Built in 1897 (with additions in 1933 and 2002), the public library building is beautiful and historic; it’s listed on the National Register of Historic Places (Nebraska State Historical Society, 2012). It can also seem a bit of a maze and has lots of nooks and crannies. One such nook was a rather large storage room full of used books, holiday decorations, and a miscellany of craft supplies. This room also had some water damage and moldy carpet that needed to be replaced. It was clearly in need of some love and perhaps a new purpose, as well.
In August 2015, we became aware of the Curiosity Creates grants administered by the Association for Library Service to Children (ALSC) division of the American Library Association (ALA). Thanks to a donation from Disney, over seventy $7,500 grants were to be awarded to libraries in order “to promote exploration and discovery for children ages 6 to 14” through programming that promotes creativity (American Library Association, 2015). The grant could be used to grow an existing library program or to develop completely new programming.
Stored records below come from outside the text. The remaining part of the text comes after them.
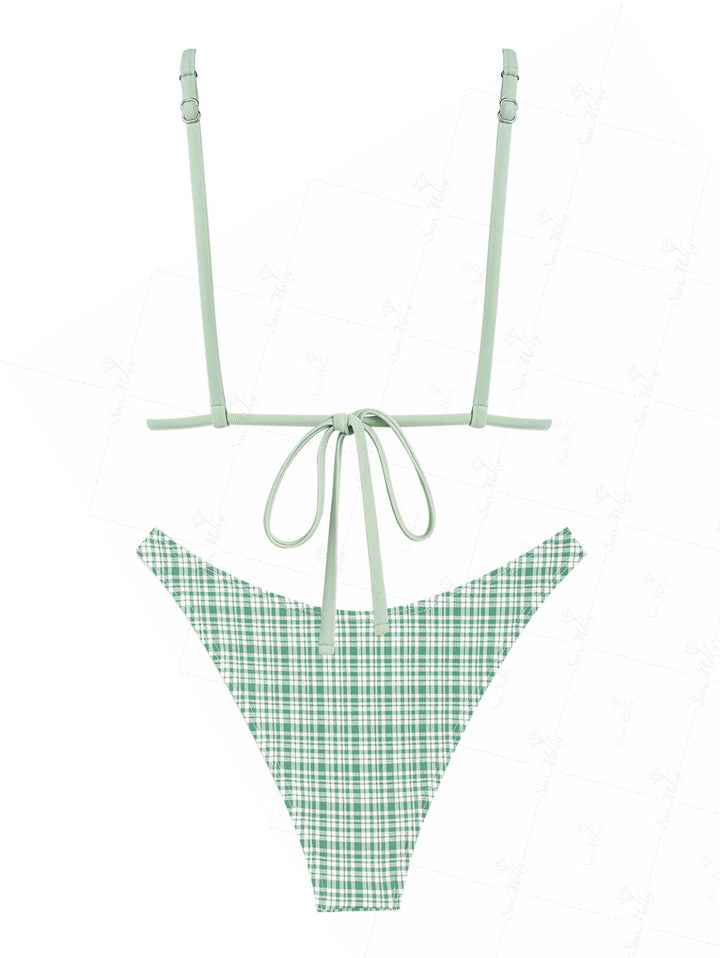 Seamolly Green Gingham Bowknot Decor Triangle  Bikini Set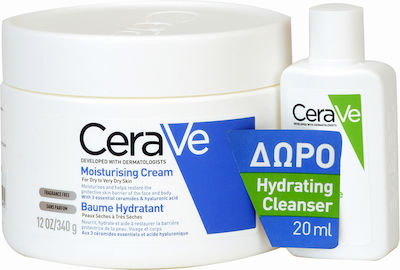 Cerave moisturising cream 340g + hydrating cleanser 20ml, , medium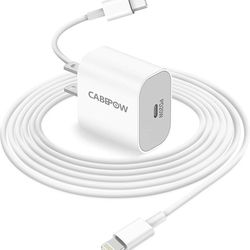 iPhone Fast Charger Apple MFI Certified, Cabepow 20W PD USB-C Power Adapter Wall Plug with USB C to Lightning Cable 6ft for Apple iPhone 12 11 Pro XR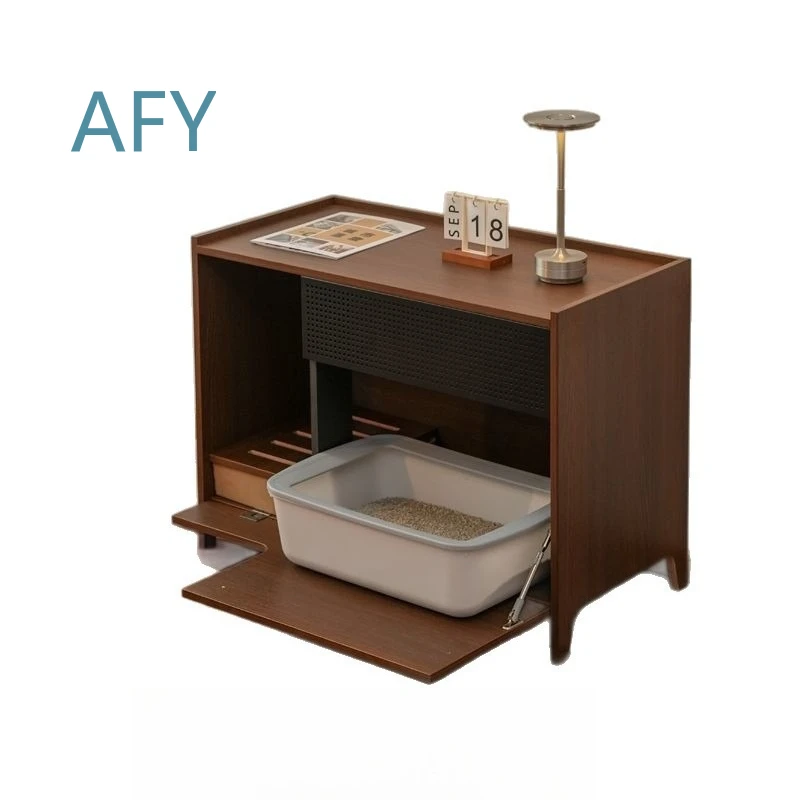 Large Solid Wood Sand Filter Splash Proof Cat House Cabinet for Cats Nest Semi Closed Litter Box Basin Cat Furniture Cat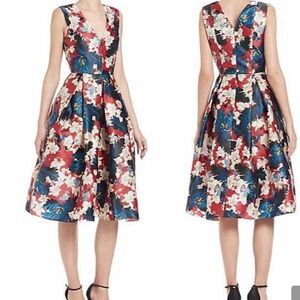 Erdem Loren Pleated Midi Dress in Floral Print Silk like new worn once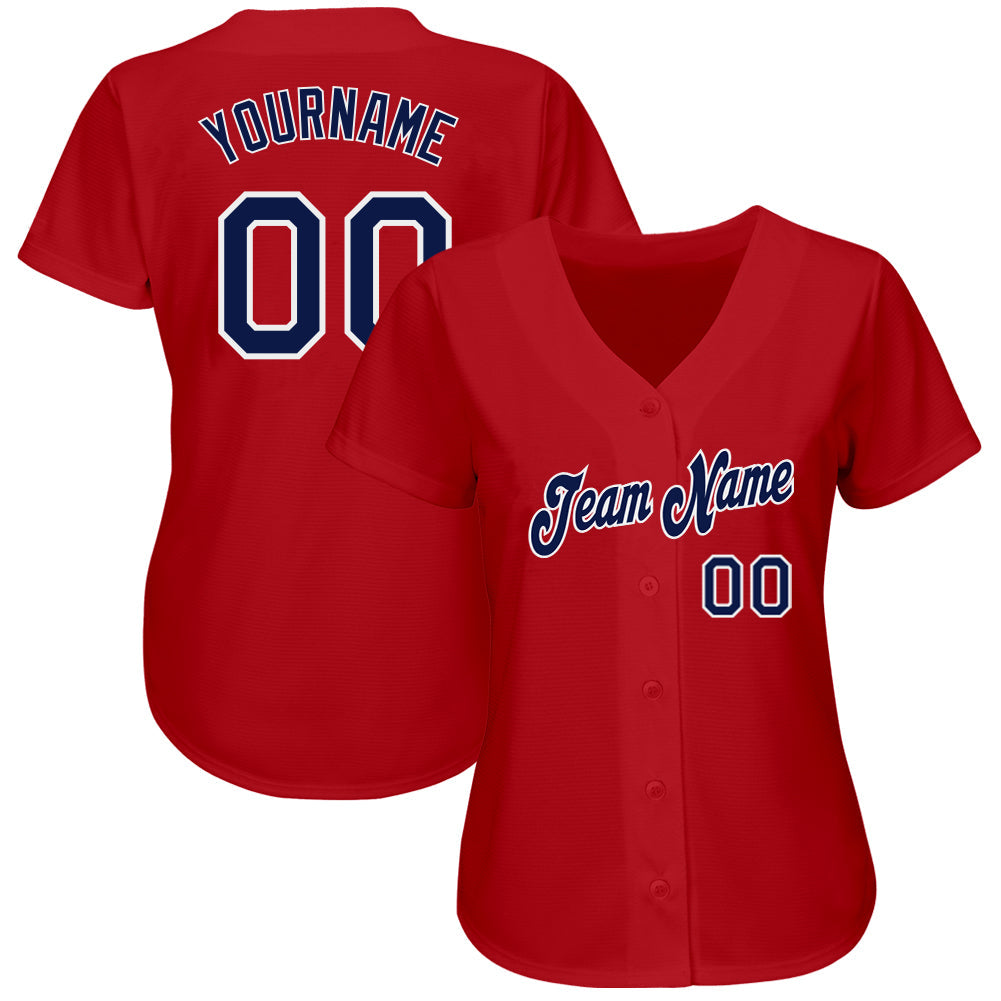 Custom Red Navy-White Authentic Baseball Jersey view 2
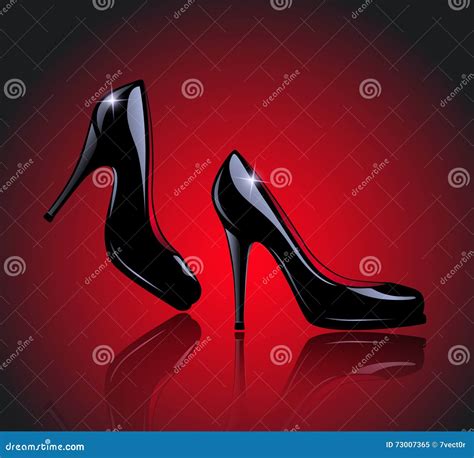 Pair Of Black High Heel Shoes Vector Illustration Stock Illustration Illustration Of Black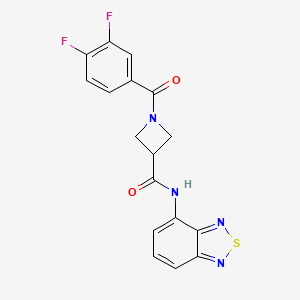 molecular formula C17H12F2N4O2S B2730246 N-(2,1,3-BENZOTHIADIAZOL-4-YL)-1-(3,4-DIFLUOROBENZOYL)AZETIDINE-3-CARBOXAMIDE CAS No. 1448051-47-5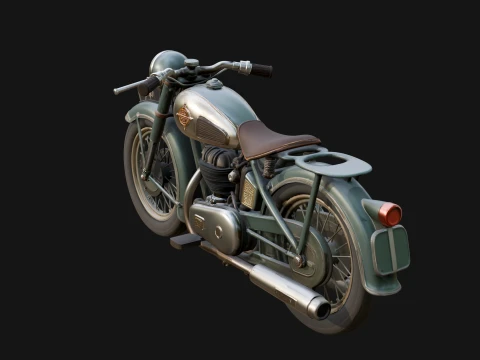 Vintage Motorcycle Model Design 4 - 3D Print Model 3D Print Model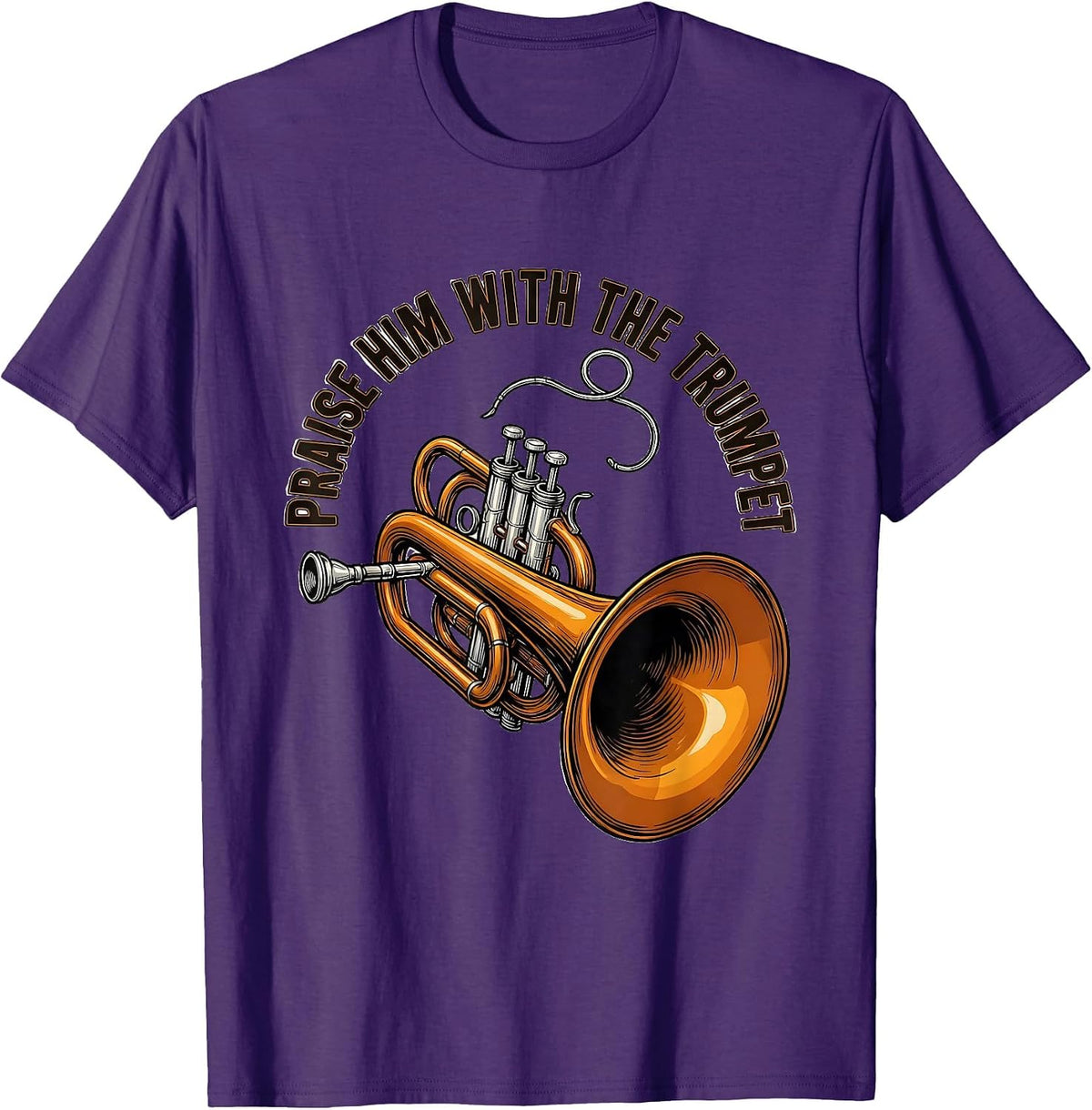 Praise Him With The Trumpet Christian Worship Trumpet Player T-Shirt - Purple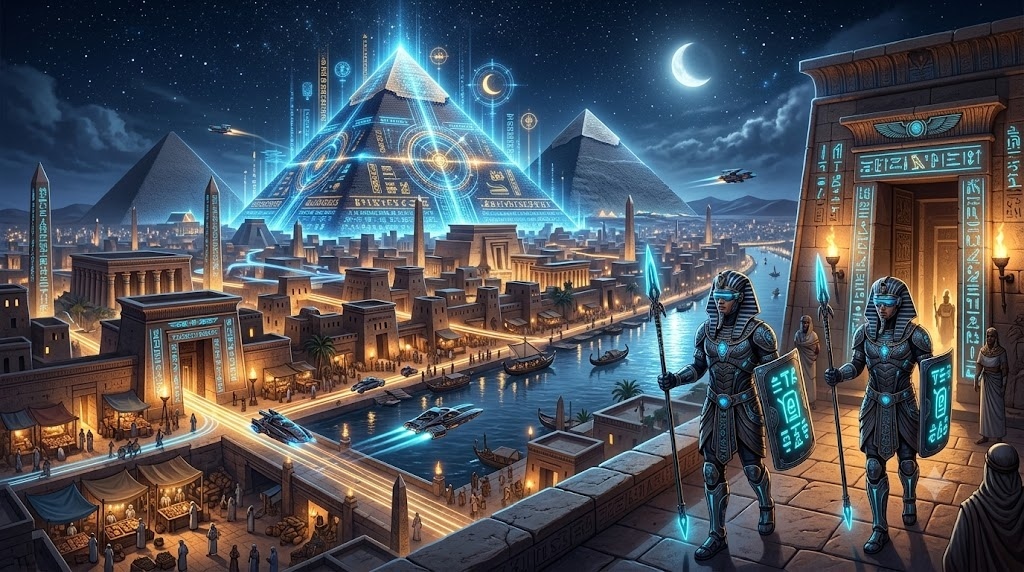Ancient Egyptian city at night with futuristic hol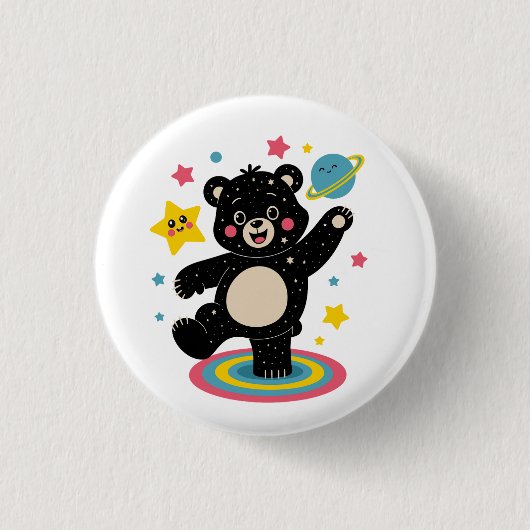 Kosmischer Bär mit Sternen und Planeten - Niedlich Button (Vorderseite)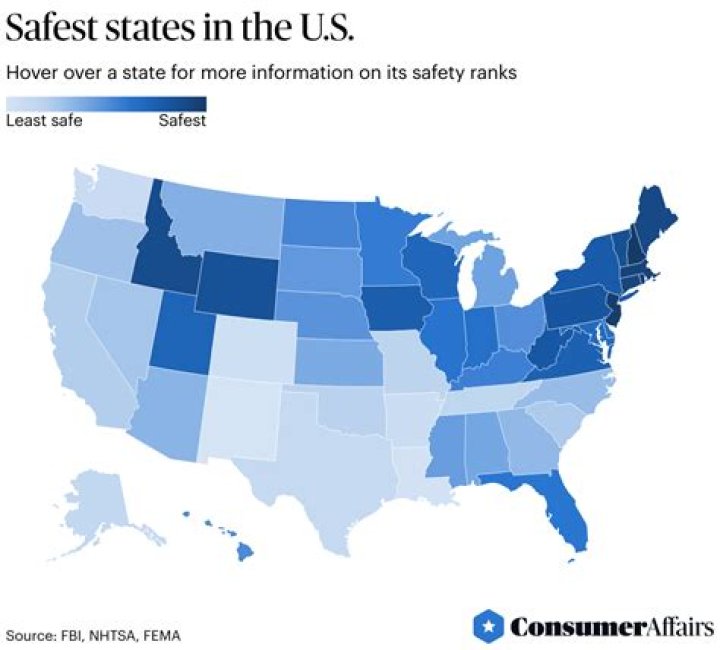 Which state is safe to live in USA?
Grant recipients were notified in October 2015, and they were expected to implement their project and complete a project report by May 31, 2016.
Inspired by the availability and purpose of this grant, the recent popularity of escape rooms around the world, and the breakoutEDU movement, Rasmus hit upon an intriguing idea: What if we turned this neglected storage room into an escape room? And why not give kids a chance to build it themselves?
Interlude: So, what is an escape room?
The escape room concept was created by 35-year-old Takao Kato in Kyoto, Japan in 2007 as a way to have a real-life adventure like those he encountered in literature as a child (Corkill, 2009). Escape rooms are like a real-life video game, where you and your friends are “locked”*1 in a room and must search for clues and solve puzzles to determine how to get out. “In order to escape the room the player must be observant of his/her surroundings and use their critical thinking skills as well as elements in the room to aid in their escape” (The Escape Game Nashville, 2015). Escape rooms come in many shapes and sizes but generally include the following:
- A story
- Puzzles, clues, and riddles
- A time limit
- A lot of fun
Thus the idea of Library Lockdown was born. The plan was for the program to run during the spring of 2016. The group of kids would meet at the library weekly, first learning about escape rooms and puzzles, and then creating the story, decorations, and puzzles for one of their own. After being awarded the ALSC grant in October 2015, library staff went to work clearing out the storage room. The carpet was replaced with the help of a separate, local grant. Library Lockdown was advertised in person by circulation staff, in the local paper, and in local schools. Potential participants were asked to fill out a registration form and a photo waiver.
Based on the registration forms received, Saturdays were selected as the weekly meeting time. The first meeting was February 13th, and two dozen kids showed up. We had meetings every Saturday until the grand opening on May 25th.2
The number of kids attending each meeting varied from ten to nearly 30; with usually around fifteen present. Nearly three dozen kids participated in at least one meeting, but there was a core group of about ten that attended the majority of the meetings. This provided continuity from week to week.
The format for the meetings was generally five to ten minutes of introducing the day’s activities and forty-five to sixty minutes of work, followed by lunch (paid by the grant). The first few weeks were focused on having the kids solve puzzles on a theme (appropriately, the first week’s theme was Valentine’s Day).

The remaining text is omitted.